Jack reached the top of the promontory, strode through the thick coarse grass to the edge of the rocky cliff on the south side, and saw Seafire anchored some three hundred meters offshore. “That’s fantastic. I’ve seen the material in the conservation tent here from the past few days. Pretty early — late seventh or early sixth century BC. Not a Greek ship carrying Phoenician wares, but an actual Phoenician ship. It’s the first one ever found in these waters, and confirmation that they got to the British Isles at that date.”
“Any news on your plaque?”
“I was with Jeremy and Maria all day Tuesday at the Institute of Palaeography in Oxford. They’re convinced the symbols are Phoenician too.”
“Amazing,” she said. “A Phoenician wreck up here and another wreck off Africa carrying a Phoenician artifact, about equidistant from the Strait of Gibraltar.”
“That’s where the Phoenicians went,” Jack said. “West from Carthage through the Strait and out into the Atlantic, searching for tin and gold, exploring, settling.
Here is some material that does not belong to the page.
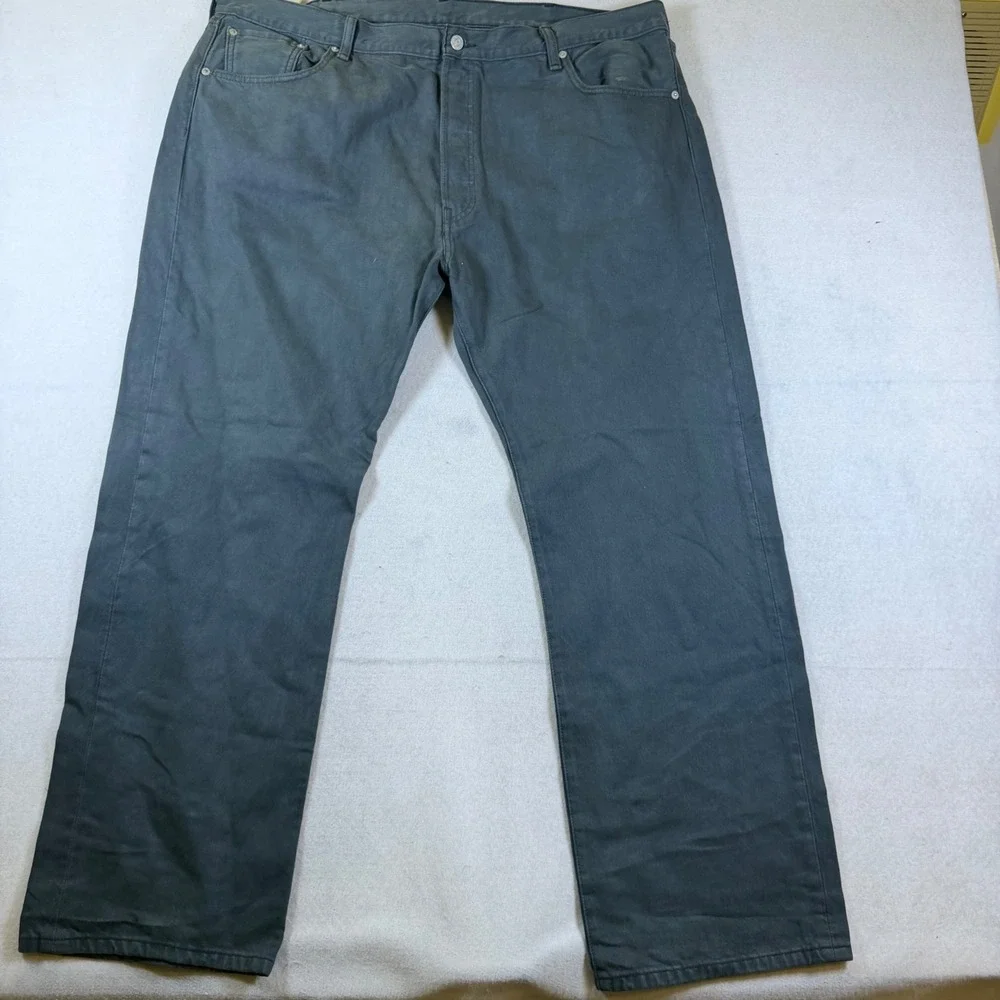 Levis 501 Original Fit Mens Charcoal Gray Straight Leg Button Fly Pants 42x30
And you know my theory that they went a lot farther than that, at least circumnavigating the British Isles and reaching the southern tip of Africa, if not circumnavigating that too.”
“But you don’t know where the plaque came from.”
“I’m working on that. All we have to go on at the moment is that Clan Macpherson’s last major port of call was Durban, in South Africa. I think somehow it got on board there, along with the gold consignment.”